Inmediatamente, mi hermano y yo comenzamos a elucubrar sobre cuál podría ser dicho elemento; ¿se trataría de un banco —me refiero a un banco bien diseñado, no solo dibujado— donde confluyen, teniendo al sedente como centro del proyecto, factores como la antropometría, la ergonomía y la proxémica?; ¿o tal vez de un kiosco de prensa o un punto de información turística concebidos estos como verdaderas microarquitecturas?; ¿o podría tratarse de una marquesina para autobuses que no precisase ser cimentada y que pudiese instalarse y desinstalarse en un par de horas?

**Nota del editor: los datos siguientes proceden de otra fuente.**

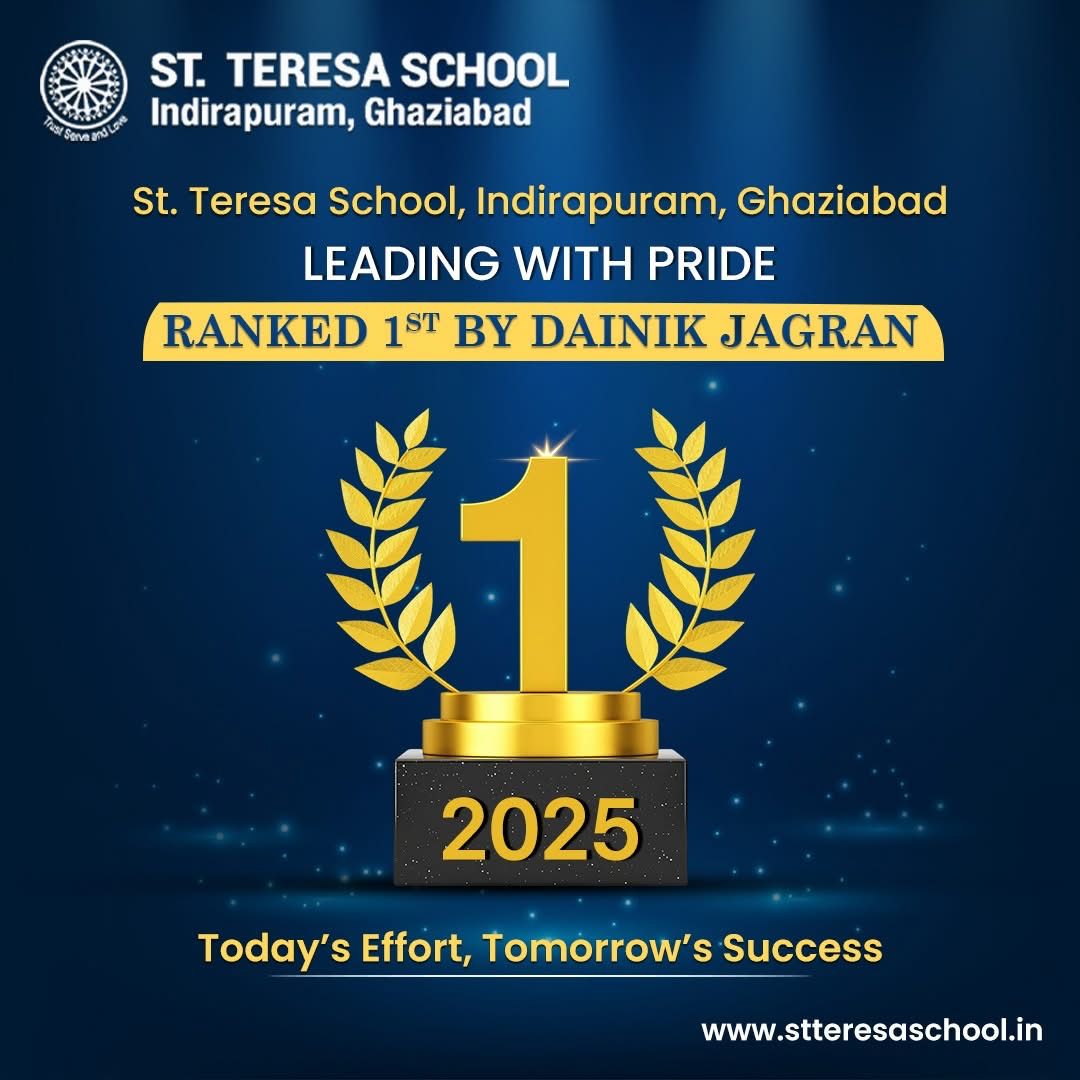 Award 2025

Pues bien, finalmente la duda quedó aclarada; se nos pedía que diseñásemos simple y llanamente un bolardo; obviamente nuestra primera reacción fue de extrañeza; un bolardo, pilona, delimitador, pilotillo, pivote o como lo queramos llamar no entrañaba mayores complejidades proyectuales más allá de las derivadas de su propia fabricación o si acaso las de definir un sencillo, a la vez que eficiente, sistema de anclaje al pavimento.
Nuestro cliente volvió a sacarnos de nuestra extrañeza; la complejidad de los bolardos a la hora de diseñarlo residía, paradójicamente, en su componente inmaterial o incluso podríamos decir que psicológico; ¿por qué?, porque se trata de algo que no le gusta a nadie, ni a los conductores, ya que les suele incomodar a la hora de aparcar ya que su ubicación o invisibilidad complica la apertura de las puertas o incluso provoca el roce con la parte inferior de las mismas, ni a los peatones, porque en ocasiones entorpece el tránsito por aceras estrechas, y muchas veces, al menor despiste, propician tropezar con ellos o incluso provocando la consiguiente caída; está claro, todo el mundo agradece la instalación en sus calles y plazas de bancos, papeleras o farolas pero difícilmente de bolardos.